- CEUTA
- CEUTA (Arabic Sebta), Spanish enclave on the northwest coast of Morocco, 16 miles dirctly south of Gibraltar. According to legend, it was founded by Shem, the son of Noah. During the Middle Ages Ceuta was one of the most important Mediterranean ports. The wealthy Jewish colony was one of the most ancient and cultured communities in Africa, but it suffered persecution under the Almohade rule beginning in 1148. joseph ibn aknin , a disciple of Maimonides, was born there. Merchants from Genoa, Marseilles, and elsewhere, assisted by the Jews, were responsible for its commercial expansion. The treaty of 1161 between Genoa and the emperor of Morocco increased the trade of the city, and in 1159 Benjamin of Tudela found in Genoa two Jewish dyers from Ceuta. In 1542 Jews evacuated from Safi and Azemmour, Morocco, settled there. Ceuta also served as a refuge for Marranos from Spain and the Balearic Islands.

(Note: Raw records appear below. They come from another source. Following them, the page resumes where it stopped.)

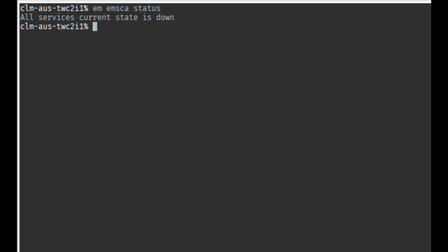To shut down the microservices we are going to use the command em emca shutdown dash F.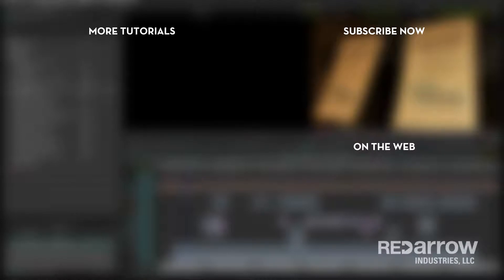If this tutorial helped you out, make sure to hit that subscribe button. And if you're wanting to find more of our tutorials, you can find us on our Facebook page, Red Arrow Industries, or at our website at redarrowindustries.com.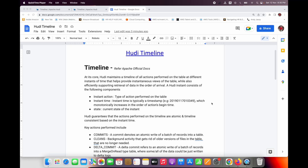In this video I'm going to talk about Hudi timeline. To understand Hudi, you should be very clear about the Hudi timeline concept. At its core, Hudi maintains whatever actions you perform and whatever events happen on Hudi tables — it records all of these things in a form of a timeline. All actions performed on the table at different instants of time help provide instantaneous views of the table, enabling you to view the table state at any instant of time.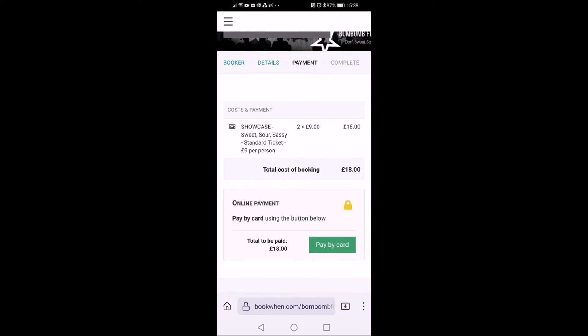Then when you turn up at the show, we've got a little register with everyone's name and we can check you off. But do keep that email to hand just in case of any issues, and that's it, all done.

A Spanish possession and military station since 1580, Ceuta had a Jewish population only intermittently until the establishment in 1869 of a community. In 1969, it numbered 600 and had an organized structure including religious institutions. -BIBLIOGRAPHY: M. Ortéga, Los Hebreos en Marruecos (1919), 110, 138; SIHM, Portugal, 3 (1948), 181, 279–94; 4 (1951), 282ff.; Hirschberg, Afrikah, 2 (1965), index; Corcos, in: JQR, 55 (1964/65), 62, 65, 72; idem, in: Sefunot, 10 (1966), 74f. (David Corcos)
Encyclopedia Judaica. 1971.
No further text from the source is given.